PROBLEM TO SOLVE ▸
Write down each of the records again, exactly and in full.

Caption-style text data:
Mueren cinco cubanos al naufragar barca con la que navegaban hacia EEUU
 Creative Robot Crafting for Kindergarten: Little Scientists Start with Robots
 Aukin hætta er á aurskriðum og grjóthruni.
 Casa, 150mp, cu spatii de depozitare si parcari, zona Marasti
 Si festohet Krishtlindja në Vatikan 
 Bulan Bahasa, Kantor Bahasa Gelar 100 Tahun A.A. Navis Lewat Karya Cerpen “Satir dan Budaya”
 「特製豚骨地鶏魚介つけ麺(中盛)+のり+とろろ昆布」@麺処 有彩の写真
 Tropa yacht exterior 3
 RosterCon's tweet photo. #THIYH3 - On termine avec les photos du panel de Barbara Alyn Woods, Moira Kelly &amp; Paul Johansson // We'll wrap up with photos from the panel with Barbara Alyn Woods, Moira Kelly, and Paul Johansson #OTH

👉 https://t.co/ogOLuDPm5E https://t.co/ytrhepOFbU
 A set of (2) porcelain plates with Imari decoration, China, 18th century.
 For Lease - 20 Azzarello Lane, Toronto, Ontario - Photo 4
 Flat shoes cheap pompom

WRITTEN RESPONSE ▸
Mueren cinco cubanos al naufragar barca con la que navegaban hacia EEUU
 Creative Robot Crafting for Kindergarten: Little Scientists Start with Robots
 Aukin hætta er á aurskriðum og grjóthruni.
 Casa, 150mp, cu spatii de depozitare si parcari, zona Marasti
 Si festohet Krishtlindja në Vatikan 
 Bulan Bahasa, Kantor Bahasa Gelar 100 Tahun A.A. Navis Lewat Karya Cerpen “Satir dan Budaya”
 「特製豚骨地鶏魚介つけ麺(中盛)+のり+とろろ昆布」@麺処 有彩の写真
 Tropa yacht exterior 3
 RosterCon's tweet photo. #THIYH3 - On termine avec les photos du panel de Barbara Alyn Woods, Moira Kelly &amp; Paul Johansson // We'll wrap up with photos from the panel with Barbara Alyn Woods, Moira Kelly, and Paul Johansson #OTH

👉 https://t.co/ogOLuDPm5E https://t.co/ytrhepOFbU
 A set of (2) porcelain plates with Imari decoration, China, 18th century.
 For Lease - 20 Azzarello Lane, Toronto, Ontario - Photo 4
 Flat shoes cheap pompom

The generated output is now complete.